Montrö Bildirisine imza attığı için yargılanan emekli amirallerden biri olan Mustafa Özbey, bu koşullarda Türkiye’nin önünde iki seçenek olduğunu belirtmekte ve şunları söylemektedir:

“Türkiye’nin kaderini erteleyemeyeceği kararı belirleyecektir; Türkiye ya NATO üzerinden büyük savaşa girecek, ya da bu savaşın dışında kalacak şekilde bir karar alarak yeni bir evreye girecektir.

Türkiye’nin NATO ile birlikte Rusya ile savaşa girmesi ABD’nin en büyük isteğidir.

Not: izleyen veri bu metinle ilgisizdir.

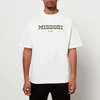 Missoni Men's Zig Zag Script T-Shirt - White - Image 1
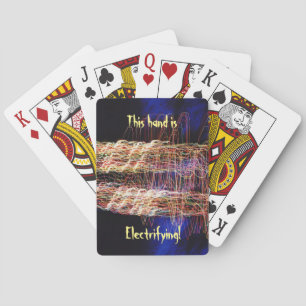 Fun Electric Zapping Playing Cards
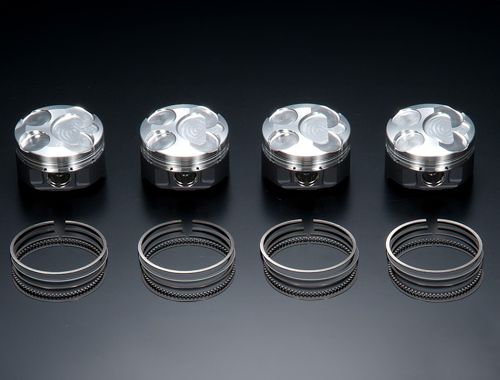 PISTON KIT FA20 2.1L D86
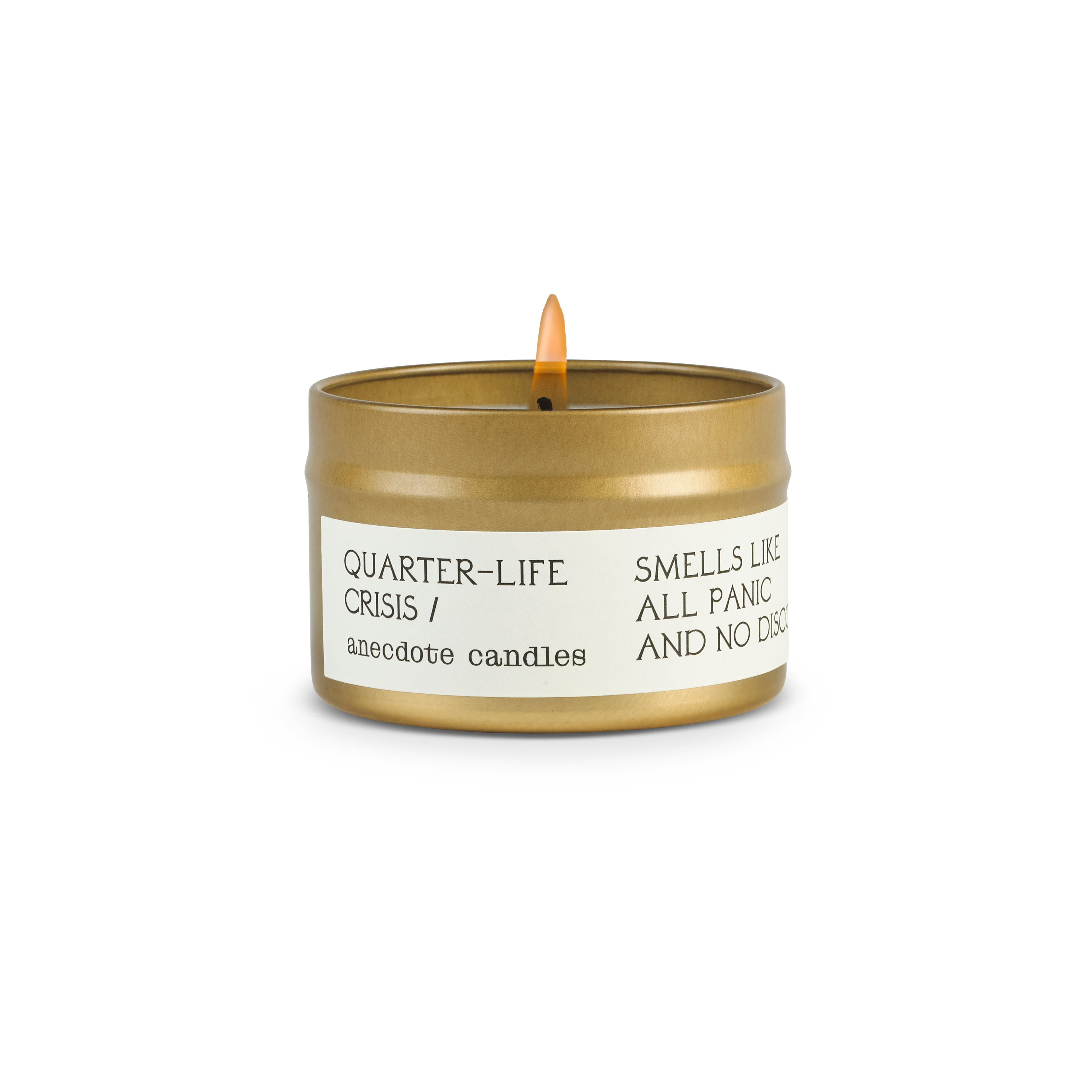 The Quarter-life Crisis Candle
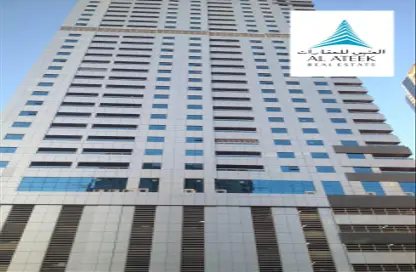 Outdoor Building image for: Apartment - 3 Bedrooms - 3 Bathrooms for rent in Sarab Tower - Al Khan - Sharjah, Image 1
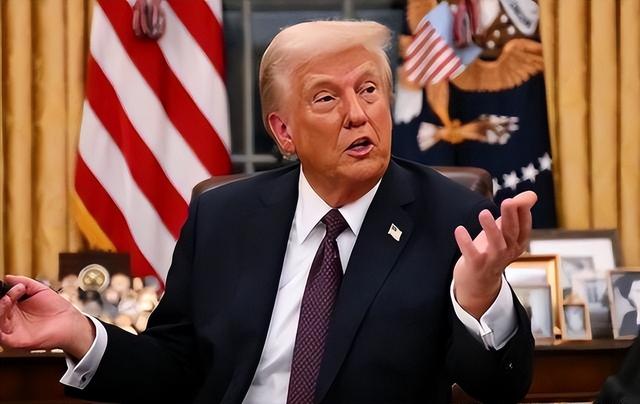 特朗普惊奇发现一个世纪漏洞，只要不招惹中国	，那就没一个能打的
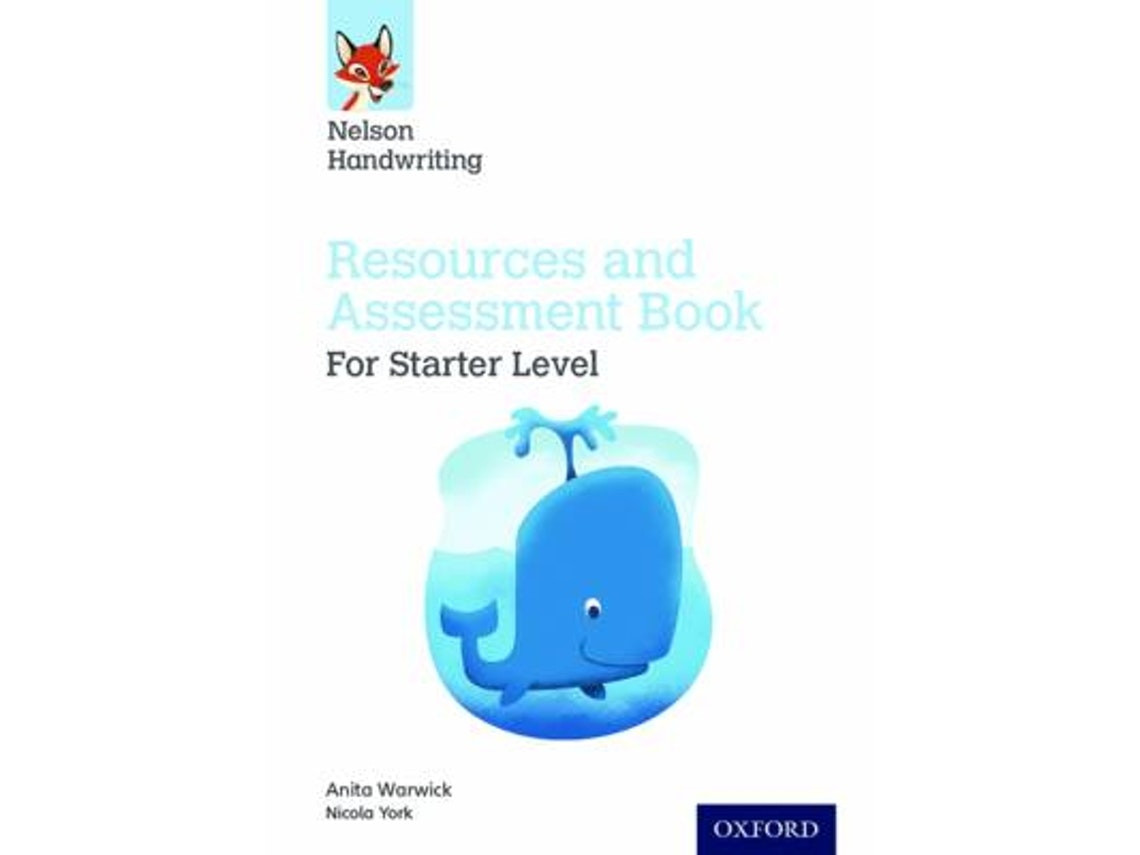 Nelson Handwriting Starter de Anita Warwick y Nicola York (Inglés)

Bunun Türkiye için, yaşam boyu komşu kalacağı bir ülke ile ve hiçbir çıkarı olmadan sonsuza kadar düşman kalması sonucu doğuracağı aşikardır.

Şayet bu savaş kaçınılmaz olarak başlar ve Türkiye NATO’nun savaşına katılmamak gibi bir irade gösterirse, bu kez, ABD/AB’nin Türkiye’yi cezalandırma planları raftan indirilerek işleme alınacaktır.

Türkiye, bu yıkıcı seçenekler arasında sıkışmış durumdadır.”

Peki, ülke “dışarıda” böylesi ciddi bir tehditle karşı karşıya bulunurken “iç cephe” ne durumdadır?

***

İktidar partisi olan AKP içinde ABD ve NATO’nun baskısını Rusya, İran ve Çin ile yakınlaşarak “dengeleme” ve etkisiz hale getirme yönünde bir eğilim bulunmaktadır...

Eski İçişleri Bakanı Süleyman Soylu ve eski AKP MKYK üyesi Metin Külünk gibi politikacıların yanı sıra Hukuk Politikaları Kurulu Başkan Vekili Mehmet Uçum, Cumhurbaşkanı Başdanışmanı Ahmet Selim Köroğlu ve Cumhurbaşkanı Danışmanı Ayhan Ogan gibi isimler tarafından savunulan bu yöndeki görüşler zaman zaman Cumhurbaşkanı Tayyip Erdoğan tarafından da dile getirilmektedir...

Geçtiğimiz günlerde Moskova ziyareti yaparak Putin ile görüşen TBMM Başkanı Numan Kurtulmuş’u da bu grubun içine dahil etmek mümkündür. Kurtulmuş, Rusya ziyareti izlenimlerini aktarırken şu saptamaları yapmıştır: "Dünya çok kutupluluğun gerçekleşmeye başladığı yeni bir döneme girmiştir. Bu yeni dönemin en belirgin özelliği çok kutupluluktur. Artık hiçbir ülkenin tek başına dünyayı domine etmesi, dünya sistemini yönetmesi mümkün değildir.”

***

AKP içindeki Bülent Arınç ve Hüseyin Çelik gibi kıdemli isimler ise bu eğilime karşı çıkmaktadır...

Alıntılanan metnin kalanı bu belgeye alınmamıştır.